Given data |

════

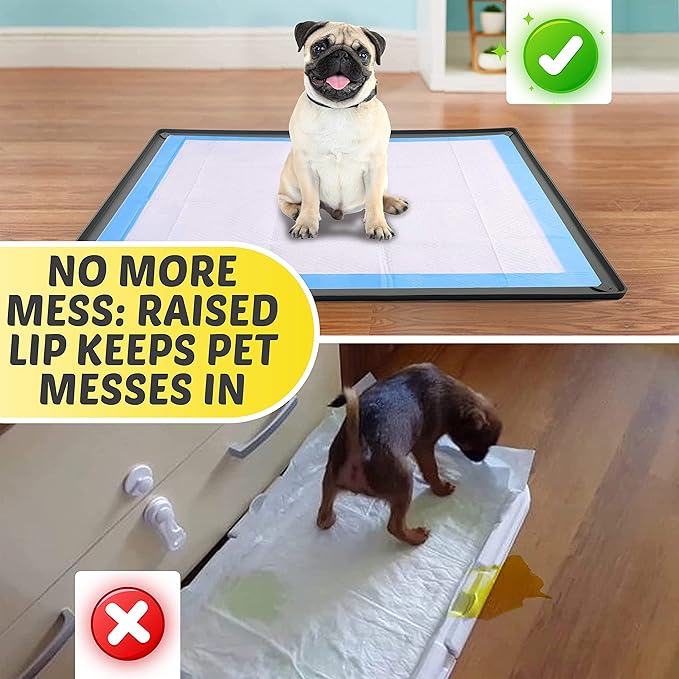 Skywin TidyFriend Dog Pee Pad Holder Tray Fits for 30” x 36” Pee Pads with Corner Lock Holes, Raised Edges, Non-Spill, Easy to Clean Silicone Dog Potty Tray Holder, for Indoor Floor Protection (Grey)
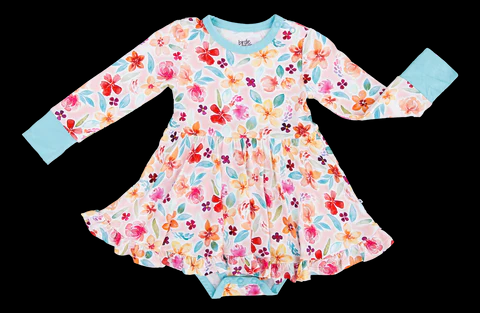 (Custom Design Preorder MOQ 5) Flowers Print Baby Girls Spring Romper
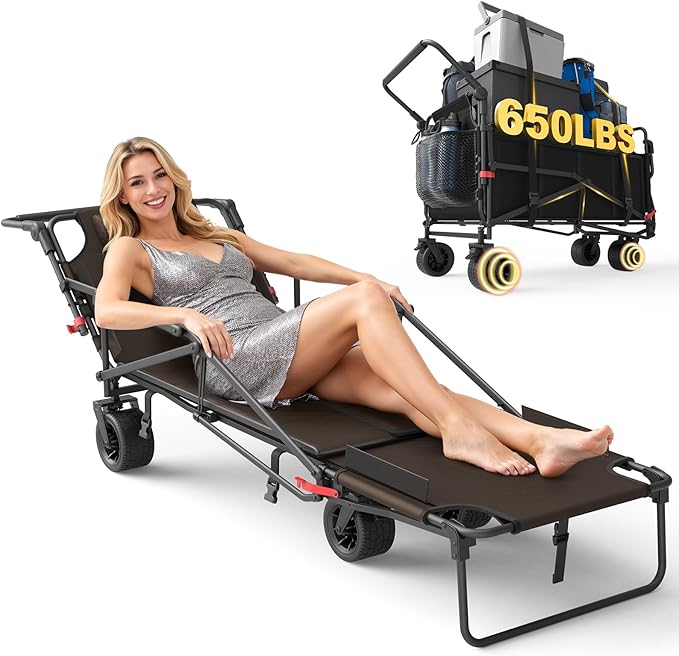 LEVELEVE Heavy Duty Folding Wagon - 2-in-1 Collapsible Cart, 650lb Capacity, All-Terrain Wheels w/Brakes & Side Pockets (Brown)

════

Exercise directions |
Beginning with the line that contains "(Custom Design Preorder" and ending with the final line of the material, reproduce those lines exactly and nothing else. Omit the pictures.

Your response |
 (Custom Design Preorder MOQ 5) Flowers Print Baby Girls Spring Romper
 LEVELEVE Heavy Duty Folding Wagon - 2-in-1 Collapsible Cart, 650lb Capacity, All-Terrain Wheels w/Brakes & Side Pockets (Brown)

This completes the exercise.